A segurança no Rio passou por um ciclo virtuoso em que pela primeira vez em muitos anos o morador da cidade pôde circular por áreas antes dominadas pelo tráfico. Os moradores dos bairros onde há mais violência tiveram pela primeira vez a presença do Estado. Flertamos com a esperança de resolver um problema que parecia insolúvel. Hoje há um desânimo como se tudo tivesse se perdido. Não é verdade, mas a sensação de retrocesso está no ambiente da cidade e nas estatísticas de mortes.
O desmonte das boas notícias do Rio ocorreu por erro na gestão das contas públicas. Aproveitou-se uma elevação de receitas temporárias para aumento de despesas permanentes. O Rio foi o estado que teve o maior aumento de gastos com a folha salarial, segundo a secretária do Tesouro, Ana Paula Vescovi.
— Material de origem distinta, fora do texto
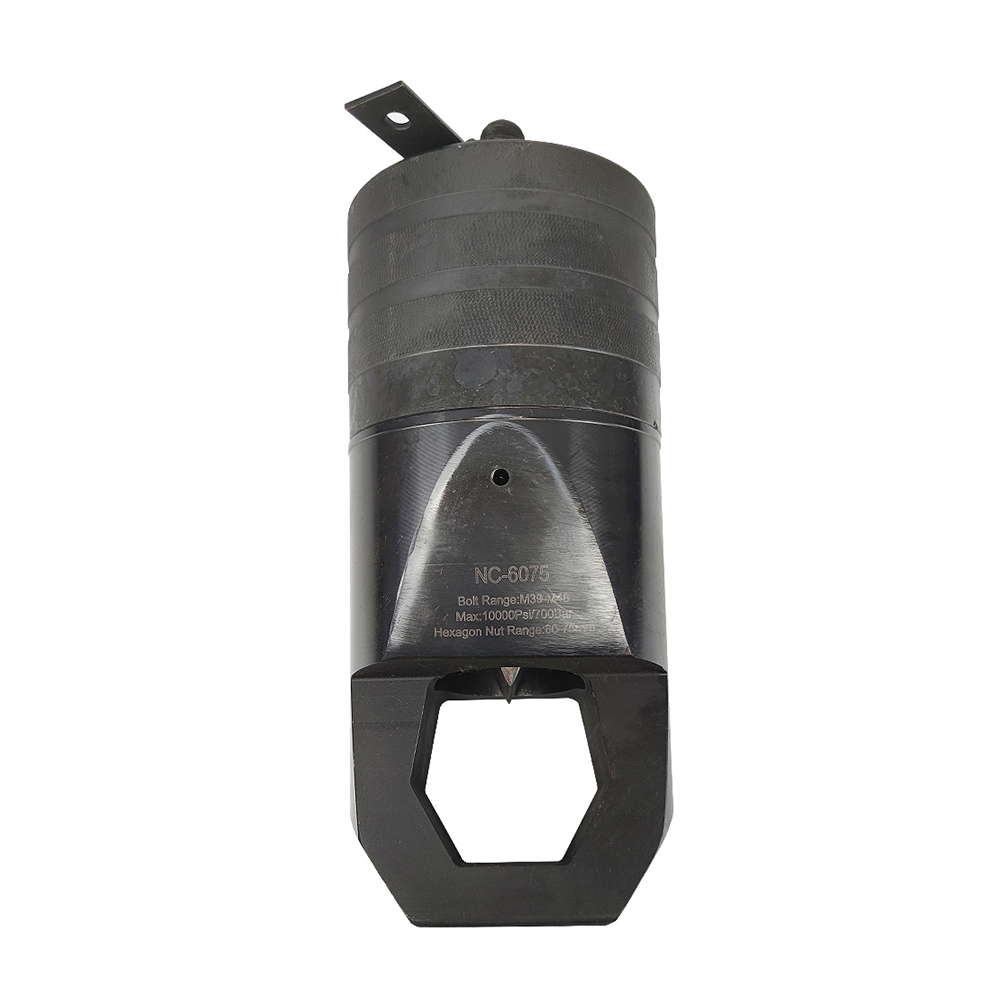 NC Series 5-90 Ton All-Range Power Separable Hydraulic Nut Splitter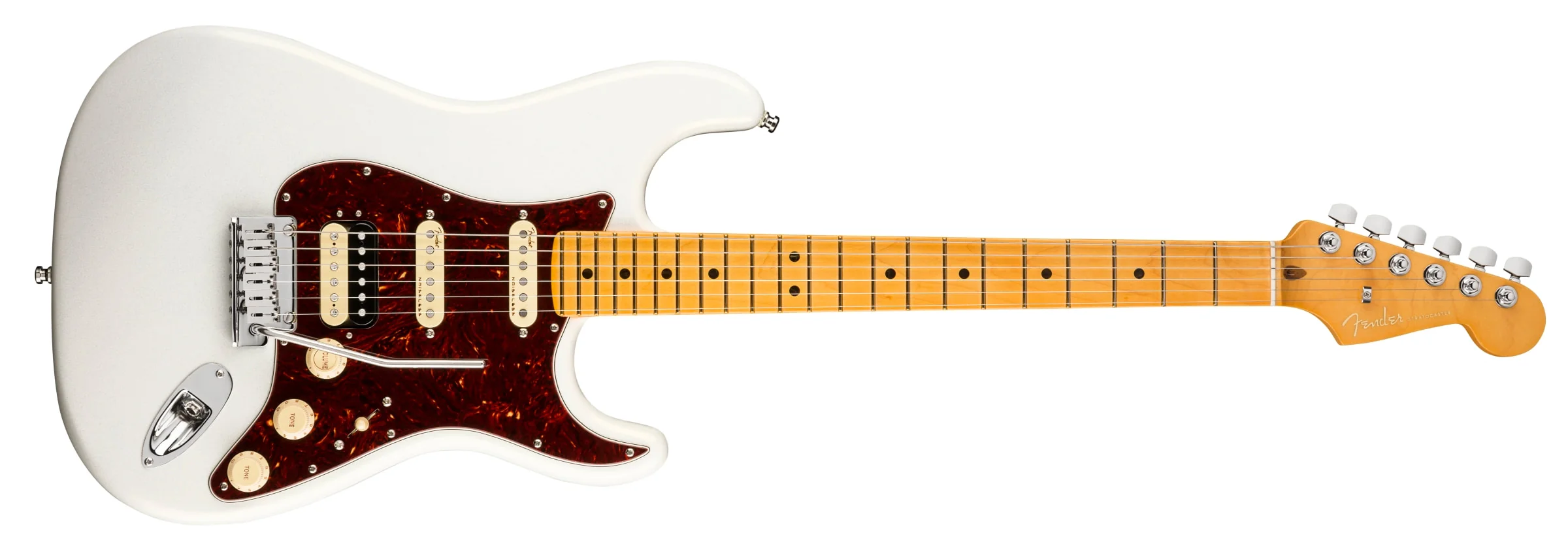 Fender American Ultra Stratocaster HSS - Image 20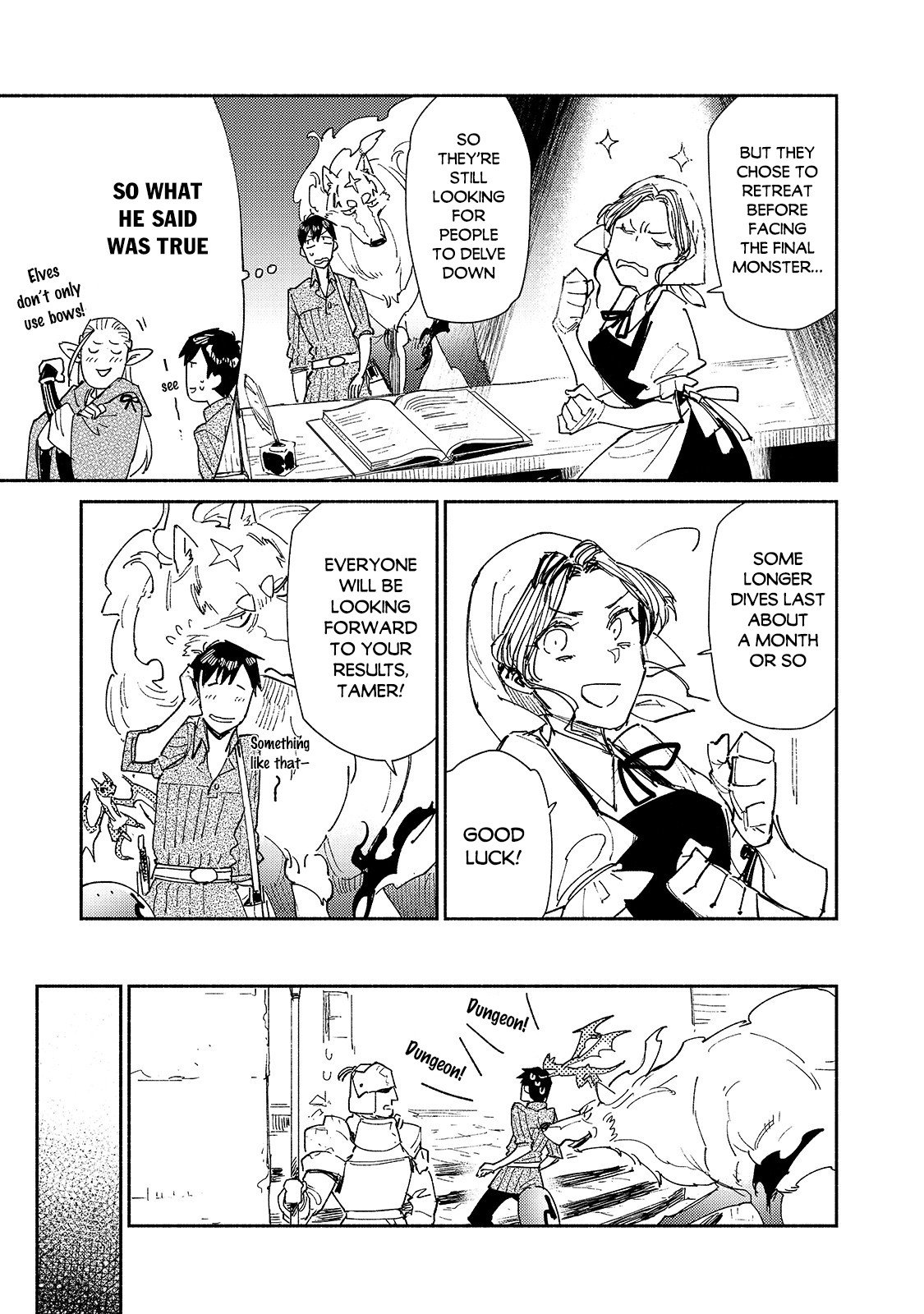 Read Campfire Cooking in Another World with My Absurd Skill EN Manga Online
Haverá ganhos permanentes no setor de transportes do Rio, mas muito menores do que o programado. Houve a recuperação do centro do Rio e isso será um importante legado, mas a sombra da dúvida de corrupção em algumas das obras paira sobre o contribuinte, o pagador de todas as contas.
Um dos planos que o Rio e o Brasil tinham era o de aproveitar os grandes eventos internacionais aqui e alavancar a indústria do turismo. Havia exemplos de sucesso. O maior deles foi o de Barcelona.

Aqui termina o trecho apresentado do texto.